Hi Clive,
> Since the set-theory basis of RDBMS actually becomes inconsistent
> in the face of even one type of null, there are many who think that
> they are all evil.
It's issues like this that bring computer science into conflict with the various communities (not just astronomy) that use computers. If the real world (or virtual, for that matter) reveals requirements for special values such as null, it should be computer science that adjusts to suit. (Seems to me I've had this discussion regarding timekeeping :-)
Or perhaps there is already some standard answer for how an RDBMS should support missing or overflow data values?
> In practice, as Mark said astronomers have long managed with just
> one type of null in FITS files.
Poorly, I think - and only IEEE floating point. For image arrays, for instance, the only coherent way to handle special valued pixels is to carry around a separate mask marking those pixels. For a table, this is equivalent to instantiating an arbitrary number of flags attached to each row or even each field in each row.
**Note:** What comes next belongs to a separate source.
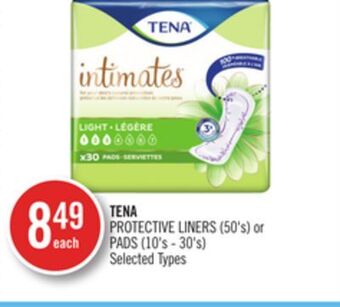 Shoppers Drug Mart Tena protective liners (50's) or pads (10's - 30's) offer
Maybe the answer is just that you have to punt by preceding each per-pixel or per-field mathematical operation with several boolean conditionality checks.
> I think it would be more productive to work on a standard way of
> expressing the notion of upper (or lower) limits - something which
> is so far missing from most astronomical formats.
Seems like a separate issue - overlimit/underlimit versus NaN versus no-data. Absence of evidence is not evidence of absence is not a handling error (such as a "mathematical" exception - really a failure of an algorithm or data representation in most cases).